IKH

Model Evaluation – Classification Metrics

Imagine that a person claims that he has built a model with 99.83% accuracy. Would you want to productionise that model? He also claims that his model can classify whether a given transaction is fraudulent or not with state-of-the-art accuracy. Then, you will have a perfect classifier, right? Well, not exactly.

This result may sound interesting and even impressive, but we should dive deeper to understand this better. Consider a dataset which is highly imbalanced, with 99.83% of the observations being labelled as non-fraudulent transactions, and only 0.17% of observations being labelled as fraudulent.  So, without handling the imbalances present, the model overfits on the training data and is, therefore, classifying every transaction as non-fraudulent and hence, achieving the aforementioned accuracy.

So is it always a better idea to consider accuracy as a reliable evaluation metric for a classification model? Let us understand this situation better in the next video.

As Snehanshu explained, accuracy is not always the correct metric for solving classification problems. There are other metrics such as precision, recall, confusion matrix, F1 score, and the AUC-ROC score. Let us focus on these metrics and understand them in the next video.

The ROC curve is used to understand the strength of the model by evaluating the performance of the model at all the classification thresholds.

As Snehanshu explained, the default threshold of 0.5 is not always the ideal threshold to find the best classification label of the test point. Because the ROC curve is measured at all thresholds, the best threshold would be one at which the TPR is high and FPR is low, i.e., misclassifications are low.

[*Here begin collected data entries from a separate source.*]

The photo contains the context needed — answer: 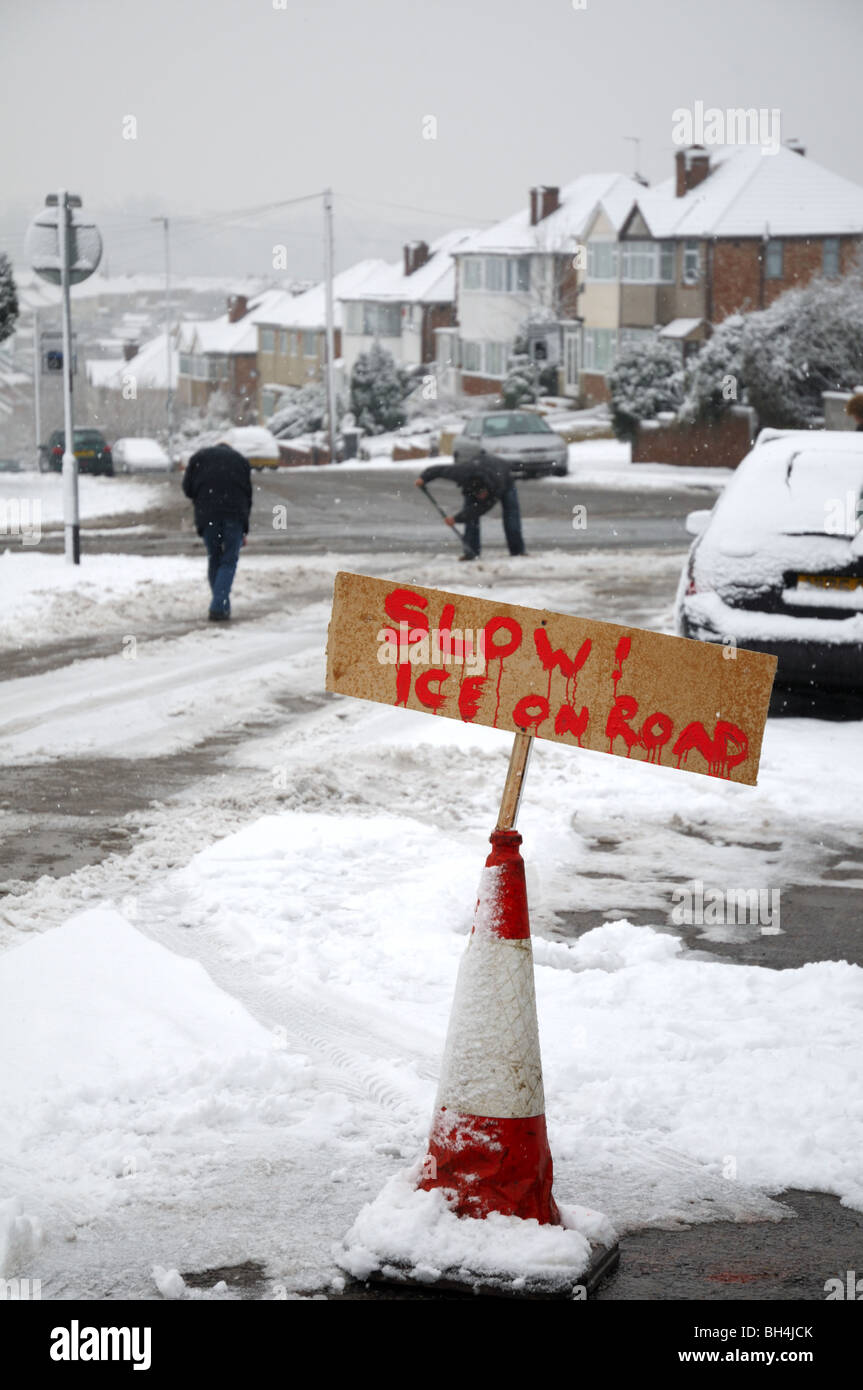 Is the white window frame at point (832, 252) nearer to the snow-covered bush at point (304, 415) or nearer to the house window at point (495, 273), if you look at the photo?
the house window at point (495, 273)

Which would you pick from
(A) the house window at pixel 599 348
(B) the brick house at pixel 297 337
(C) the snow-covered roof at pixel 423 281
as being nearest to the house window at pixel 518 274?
(A) the house window at pixel 599 348

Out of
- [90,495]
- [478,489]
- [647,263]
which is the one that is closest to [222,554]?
[478,489]

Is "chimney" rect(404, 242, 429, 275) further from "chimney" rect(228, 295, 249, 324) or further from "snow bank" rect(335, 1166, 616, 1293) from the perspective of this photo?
"snow bank" rect(335, 1166, 616, 1293)

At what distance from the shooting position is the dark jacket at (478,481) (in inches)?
681

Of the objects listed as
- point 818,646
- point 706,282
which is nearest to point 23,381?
point 706,282

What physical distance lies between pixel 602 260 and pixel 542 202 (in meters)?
9.26

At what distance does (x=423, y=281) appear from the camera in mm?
83438

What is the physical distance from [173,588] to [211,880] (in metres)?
9.28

After determining the optimal threshold, you can calculate the F1 score of this classifier to measure the precision and recall at the selected threshold. Let us understand this in detail in the next video.

Finding the best F1 score is not the last step. This score depends on both precision and recall. So, depending on the use case, you have to account for what you need: high precision or high recall.

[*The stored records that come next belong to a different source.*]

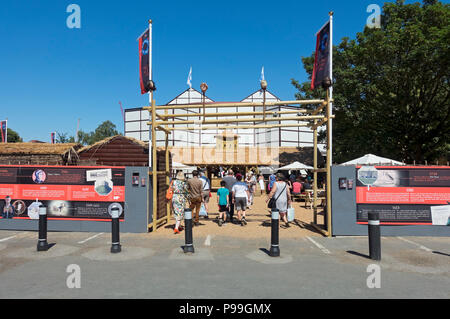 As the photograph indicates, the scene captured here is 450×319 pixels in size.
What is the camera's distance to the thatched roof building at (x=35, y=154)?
1540cm

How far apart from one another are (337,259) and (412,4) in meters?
19.5

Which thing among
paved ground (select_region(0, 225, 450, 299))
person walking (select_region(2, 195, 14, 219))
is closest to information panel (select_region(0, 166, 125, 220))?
person walking (select_region(2, 195, 14, 219))

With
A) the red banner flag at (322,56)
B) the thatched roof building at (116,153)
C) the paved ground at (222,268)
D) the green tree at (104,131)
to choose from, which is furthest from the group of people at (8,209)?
the green tree at (104,131)

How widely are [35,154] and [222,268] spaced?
590 inches

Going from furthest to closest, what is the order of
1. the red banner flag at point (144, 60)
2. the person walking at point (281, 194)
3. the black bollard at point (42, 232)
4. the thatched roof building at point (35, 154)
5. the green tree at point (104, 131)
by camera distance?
the green tree at point (104, 131), the thatched roof building at point (35, 154), the red banner flag at point (144, 60), the person walking at point (281, 194), the black bollard at point (42, 232)

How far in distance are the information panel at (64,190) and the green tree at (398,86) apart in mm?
16238

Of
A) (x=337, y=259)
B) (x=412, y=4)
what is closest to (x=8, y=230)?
(x=337, y=259)

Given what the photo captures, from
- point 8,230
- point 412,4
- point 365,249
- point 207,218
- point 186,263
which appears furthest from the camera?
point 412,4

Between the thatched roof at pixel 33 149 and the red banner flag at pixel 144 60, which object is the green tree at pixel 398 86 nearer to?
the red banner flag at pixel 144 60

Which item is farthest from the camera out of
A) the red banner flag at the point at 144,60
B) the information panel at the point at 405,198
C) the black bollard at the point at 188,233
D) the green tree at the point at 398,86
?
the green tree at the point at 398,86

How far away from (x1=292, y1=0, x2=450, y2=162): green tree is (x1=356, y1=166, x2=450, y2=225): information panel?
1168cm

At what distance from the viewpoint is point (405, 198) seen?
7.61m

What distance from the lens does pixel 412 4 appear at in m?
17.9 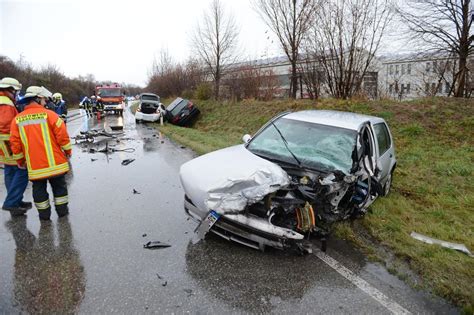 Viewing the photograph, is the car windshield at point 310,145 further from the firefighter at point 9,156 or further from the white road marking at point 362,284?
the firefighter at point 9,156

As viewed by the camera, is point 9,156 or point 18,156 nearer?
point 18,156

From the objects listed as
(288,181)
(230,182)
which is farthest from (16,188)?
(288,181)

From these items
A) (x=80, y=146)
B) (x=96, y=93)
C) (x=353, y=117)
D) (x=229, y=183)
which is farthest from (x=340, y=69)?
(x=96, y=93)

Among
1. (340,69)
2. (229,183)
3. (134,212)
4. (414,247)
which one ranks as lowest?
(414,247)

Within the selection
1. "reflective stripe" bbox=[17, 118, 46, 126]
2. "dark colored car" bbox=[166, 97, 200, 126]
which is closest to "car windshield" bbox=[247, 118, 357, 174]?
"reflective stripe" bbox=[17, 118, 46, 126]

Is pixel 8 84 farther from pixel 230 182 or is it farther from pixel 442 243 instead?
pixel 442 243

You have seen how the model was a bad classifier when it labelled every transaction as non-fraudulent with high accuracy. But what if the scenario is the opposite?


If the model labels all data points as fraudulent, then your recall becomes 1.0. However, at the same time, your precision is compromised. Precision is the ability of a classification model to identify only the relevant data points. When you increase the recall, you will also decrease the precision.

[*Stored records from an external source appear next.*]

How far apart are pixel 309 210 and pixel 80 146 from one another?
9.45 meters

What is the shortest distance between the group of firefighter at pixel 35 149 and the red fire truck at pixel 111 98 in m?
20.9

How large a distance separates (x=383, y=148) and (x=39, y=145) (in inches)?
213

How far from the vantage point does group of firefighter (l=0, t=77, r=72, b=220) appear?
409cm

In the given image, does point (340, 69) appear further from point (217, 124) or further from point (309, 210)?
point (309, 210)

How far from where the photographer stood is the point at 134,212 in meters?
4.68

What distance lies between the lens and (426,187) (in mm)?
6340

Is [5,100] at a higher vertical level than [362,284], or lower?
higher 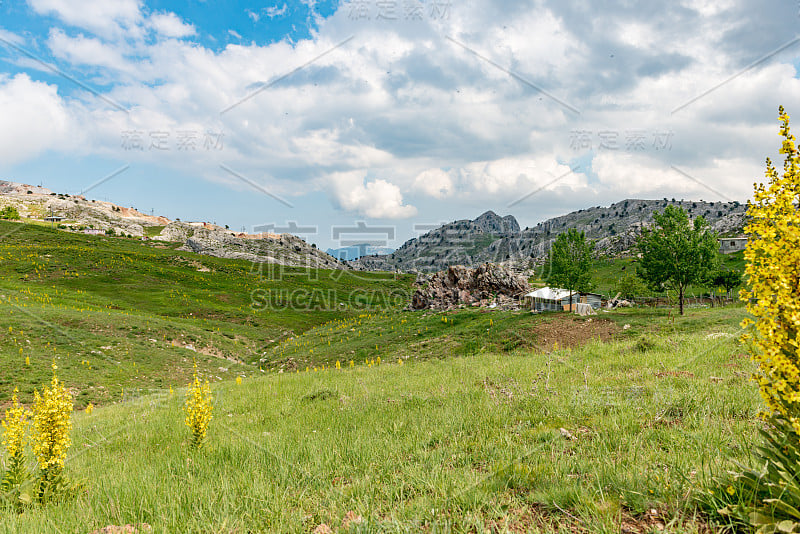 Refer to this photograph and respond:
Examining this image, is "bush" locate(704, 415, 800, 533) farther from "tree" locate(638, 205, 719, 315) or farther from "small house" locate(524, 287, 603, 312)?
"small house" locate(524, 287, 603, 312)

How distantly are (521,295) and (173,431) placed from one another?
165ft

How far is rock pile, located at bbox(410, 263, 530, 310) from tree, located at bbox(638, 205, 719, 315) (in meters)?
18.9

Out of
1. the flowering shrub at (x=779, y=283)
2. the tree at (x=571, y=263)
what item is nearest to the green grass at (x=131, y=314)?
the flowering shrub at (x=779, y=283)

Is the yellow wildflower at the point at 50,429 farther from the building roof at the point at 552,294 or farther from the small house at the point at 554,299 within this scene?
the building roof at the point at 552,294

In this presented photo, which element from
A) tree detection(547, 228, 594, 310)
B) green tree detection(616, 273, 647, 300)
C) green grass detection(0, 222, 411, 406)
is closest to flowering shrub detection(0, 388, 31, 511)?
green grass detection(0, 222, 411, 406)

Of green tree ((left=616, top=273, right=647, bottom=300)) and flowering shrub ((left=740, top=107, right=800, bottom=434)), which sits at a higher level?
flowering shrub ((left=740, top=107, right=800, bottom=434))

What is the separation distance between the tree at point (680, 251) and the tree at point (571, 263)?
627cm

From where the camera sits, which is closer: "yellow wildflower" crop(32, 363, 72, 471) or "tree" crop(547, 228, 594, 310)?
"yellow wildflower" crop(32, 363, 72, 471)

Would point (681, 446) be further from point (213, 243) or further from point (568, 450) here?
point (213, 243)

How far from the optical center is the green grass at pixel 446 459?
4.36 m

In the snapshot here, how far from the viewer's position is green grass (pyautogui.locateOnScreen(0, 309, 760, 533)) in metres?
4.36

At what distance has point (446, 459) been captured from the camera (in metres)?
6.11

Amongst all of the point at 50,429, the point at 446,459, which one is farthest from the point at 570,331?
the point at 50,429

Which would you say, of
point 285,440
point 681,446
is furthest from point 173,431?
point 681,446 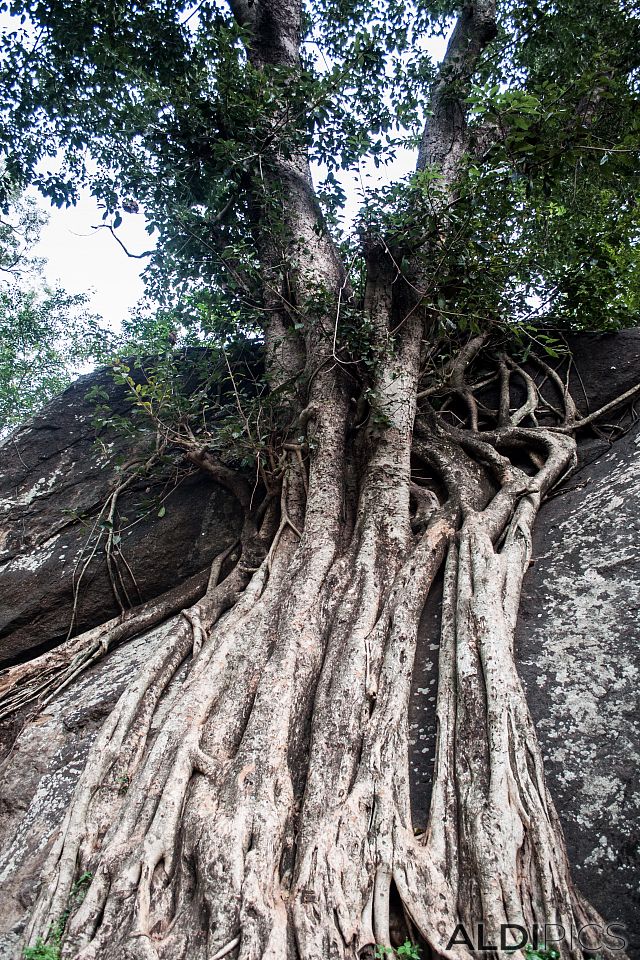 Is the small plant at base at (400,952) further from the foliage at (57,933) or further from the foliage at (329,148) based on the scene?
the foliage at (329,148)

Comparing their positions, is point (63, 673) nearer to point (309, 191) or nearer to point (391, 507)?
point (391, 507)

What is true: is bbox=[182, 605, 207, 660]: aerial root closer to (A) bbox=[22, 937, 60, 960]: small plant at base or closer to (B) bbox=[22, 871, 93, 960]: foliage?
(B) bbox=[22, 871, 93, 960]: foliage

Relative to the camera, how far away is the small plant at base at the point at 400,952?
63.6 inches

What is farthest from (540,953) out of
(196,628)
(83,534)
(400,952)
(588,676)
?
(83,534)

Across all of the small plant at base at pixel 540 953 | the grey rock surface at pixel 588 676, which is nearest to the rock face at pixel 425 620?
the grey rock surface at pixel 588 676

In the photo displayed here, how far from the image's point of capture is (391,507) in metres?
3.25

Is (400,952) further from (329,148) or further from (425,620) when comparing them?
(329,148)

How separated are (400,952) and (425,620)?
4.91ft

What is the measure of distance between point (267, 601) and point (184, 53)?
14.9ft

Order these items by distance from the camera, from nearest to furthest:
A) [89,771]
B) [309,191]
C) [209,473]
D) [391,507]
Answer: [89,771], [391,507], [209,473], [309,191]

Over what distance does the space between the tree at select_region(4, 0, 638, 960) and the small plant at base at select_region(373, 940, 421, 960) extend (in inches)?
1.2

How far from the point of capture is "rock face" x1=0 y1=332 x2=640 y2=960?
2057 millimetres

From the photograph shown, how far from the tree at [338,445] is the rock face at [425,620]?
16 centimetres

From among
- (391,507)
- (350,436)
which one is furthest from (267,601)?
(350,436) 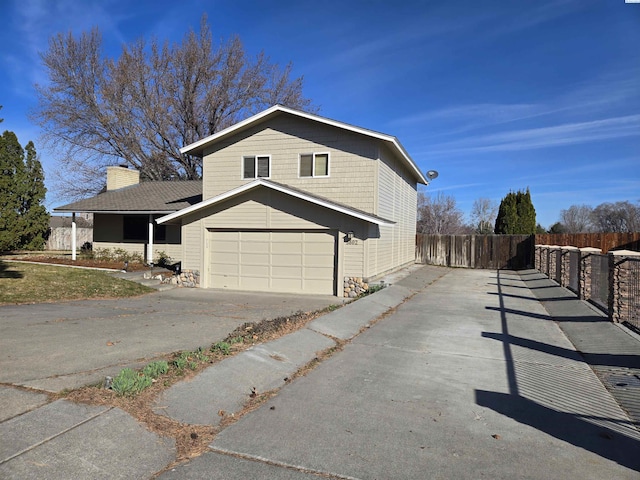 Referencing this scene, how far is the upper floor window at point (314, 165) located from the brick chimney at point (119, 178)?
12862 millimetres

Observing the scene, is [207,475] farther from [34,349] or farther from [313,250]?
[313,250]

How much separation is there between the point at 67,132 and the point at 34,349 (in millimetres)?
28614

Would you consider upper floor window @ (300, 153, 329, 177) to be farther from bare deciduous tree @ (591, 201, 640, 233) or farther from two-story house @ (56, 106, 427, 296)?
bare deciduous tree @ (591, 201, 640, 233)

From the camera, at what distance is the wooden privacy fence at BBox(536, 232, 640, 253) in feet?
67.4

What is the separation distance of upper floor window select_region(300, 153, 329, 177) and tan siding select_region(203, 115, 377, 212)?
0.16 m

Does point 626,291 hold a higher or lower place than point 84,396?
higher

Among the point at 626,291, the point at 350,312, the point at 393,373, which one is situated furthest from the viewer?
the point at 350,312

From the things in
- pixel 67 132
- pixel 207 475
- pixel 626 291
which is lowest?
pixel 207 475

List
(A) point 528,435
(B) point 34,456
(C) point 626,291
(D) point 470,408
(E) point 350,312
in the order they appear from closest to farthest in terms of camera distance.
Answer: (B) point 34,456, (A) point 528,435, (D) point 470,408, (C) point 626,291, (E) point 350,312

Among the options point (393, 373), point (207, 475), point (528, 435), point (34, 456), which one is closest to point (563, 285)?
point (393, 373)

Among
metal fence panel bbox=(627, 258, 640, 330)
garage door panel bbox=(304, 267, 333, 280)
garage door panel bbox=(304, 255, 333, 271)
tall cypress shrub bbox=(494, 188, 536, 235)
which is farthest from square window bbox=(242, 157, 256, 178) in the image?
tall cypress shrub bbox=(494, 188, 536, 235)

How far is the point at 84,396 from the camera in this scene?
448cm

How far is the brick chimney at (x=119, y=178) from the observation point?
2389 centimetres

You can maximise the recall or precision at the expense of another metric, which depends on whether you want high precision or high recall for your use case.


For banks with smaller average transaction value, we would want high precision because we only want to label relevant transactions as fraudulent. For every transaction that is flagged as fraudulent, you can add the human element to verify whether the transaction was done by calling the customer. However, when precision is low, such tasks are a burden because the human element has to be increased.

For banks having a larger transaction value, if the recall is low, i.e., it is unable to detect transactions they are labelled as non-fraudulent. So, consider the losses if the missed transaction was a high-value fraudulent one, for e.g., a transaction of $10,000?


So here, to save banks from high-value fraudulent transactions, we have to focus on a high recall in order to detect actual fraudulent transactions.